The police read papers too. After the article, they beefed up their perimeter around the Site, they went on the news in their most serious faces with their manliest mustaches and their whitest cowboy hats, and they warned the public of the mystery and the danger. They said the Site was not a cultural marvel for all to behold, they said it was a graveyard, they said to stay away.

Nevertheless, they came undeterred. They came in pairs, in groups, in open-toed shoes, in flow-y floral patterned adult rompers, in large flat brimmed hats, in skinny dark jeans, in jangly gold bracelets, in handmade denim overalls tucked into meticulous cowboy boots. They rented up all of the cars from the El Paso airport and they drove to mile-marker 135. 

In hundreds, they shuffled through the sand, face down, ignoring the tumbleweeds, as they scrolled through their smart phones, pouring over the hand drawn maps they had purchased on the dark web. They scrambled up hills made of limestone and peered down at the Site with their binoculars and high powered cameras. They published their pictures on Instagram using #Installation. Their pictures filled up with likes and their friends bought plane tickets. They waited on those loose hills until they were out of mineral water and it was dark and the police retreated back to their homes. Then they flowed out of their hiding spots like rivers out of mountains, spilling over their banks with curiosity.

Five more Installations were added from the initial wave of visitors.

In August, the popular subreddit, r/Installation, revealed the land underneath and on top of the site was owned by a family of cattle ranchers. Within three days the ranchers had sold their rights to Simon Augustas Furman, a German national, with a private collection rumored to be worth more than $250 million. He purchased the family's hundred acres for $3 million in cash, instantly pushing his net worth upwards of $10 billion. The land surrounding Furman's hundred acres was quickly parceled off by other enterprising farmers at the rich price of $1 million per half acre. They found no shortage of buyers.

Overrun, and out of ideas, the police retreated back to their offices and drug busts and prostitution stings and speeding tickets. The airlines tripled their flights into El Paso. Furman built a private airstrip. The locals established taco and flavored ice stands in the desert. Contractors built yurts on the side of the highway and rented them for rates that would make a five-star in Manhattan blush. And the Site grew, year over year, with Components firing out of the sand, immortalizing an average of five tourists per year.

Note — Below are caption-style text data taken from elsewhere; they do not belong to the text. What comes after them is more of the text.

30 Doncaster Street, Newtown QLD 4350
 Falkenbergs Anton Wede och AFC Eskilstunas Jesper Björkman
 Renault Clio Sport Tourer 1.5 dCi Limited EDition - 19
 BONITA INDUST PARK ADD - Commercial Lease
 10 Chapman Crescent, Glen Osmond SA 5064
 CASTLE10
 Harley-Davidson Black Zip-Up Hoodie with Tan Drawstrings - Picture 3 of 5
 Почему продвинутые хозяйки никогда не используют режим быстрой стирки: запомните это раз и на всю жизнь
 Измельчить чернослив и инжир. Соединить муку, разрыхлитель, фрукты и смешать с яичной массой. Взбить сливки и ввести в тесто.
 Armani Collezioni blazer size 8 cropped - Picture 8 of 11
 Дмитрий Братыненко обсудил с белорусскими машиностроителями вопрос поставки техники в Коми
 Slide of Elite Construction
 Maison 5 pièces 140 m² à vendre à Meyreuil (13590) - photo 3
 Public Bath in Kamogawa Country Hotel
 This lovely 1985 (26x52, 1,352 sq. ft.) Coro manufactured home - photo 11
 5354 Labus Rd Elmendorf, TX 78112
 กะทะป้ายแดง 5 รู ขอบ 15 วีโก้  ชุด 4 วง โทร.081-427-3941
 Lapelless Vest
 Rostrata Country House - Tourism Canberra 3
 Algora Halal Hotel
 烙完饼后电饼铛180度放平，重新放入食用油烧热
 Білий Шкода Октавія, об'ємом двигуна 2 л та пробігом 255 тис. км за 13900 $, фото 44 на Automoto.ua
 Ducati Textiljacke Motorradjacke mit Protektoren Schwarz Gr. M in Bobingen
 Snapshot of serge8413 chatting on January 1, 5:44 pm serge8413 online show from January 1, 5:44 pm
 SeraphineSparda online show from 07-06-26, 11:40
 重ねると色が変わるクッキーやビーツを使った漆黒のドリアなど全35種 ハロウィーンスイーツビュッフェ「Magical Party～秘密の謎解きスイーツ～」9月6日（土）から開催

Today, the hundred and thirty-five miles of road between El Paso and the Site contains seventy-three Starbucks, seventeen Apple stores, two Olive Gardens, an amusement park with the tallest Ferris wheel in the Western Hemisphere, and sixty-seven Exhibits. 

Locals, such as they are, sit in miserly circles, drinking water-y macchiatos, lamenting as cars full of bright-faced sea-boarders speed past.

They look at each other and say things like:

- "I miss the old days when there was nothing here but dust."

- "I heard they had to open up a third landfill to keep up."

- "I heard there isn't enough water to make it through another summer."

- "Can you believe almond milk is still $0.50 extra?"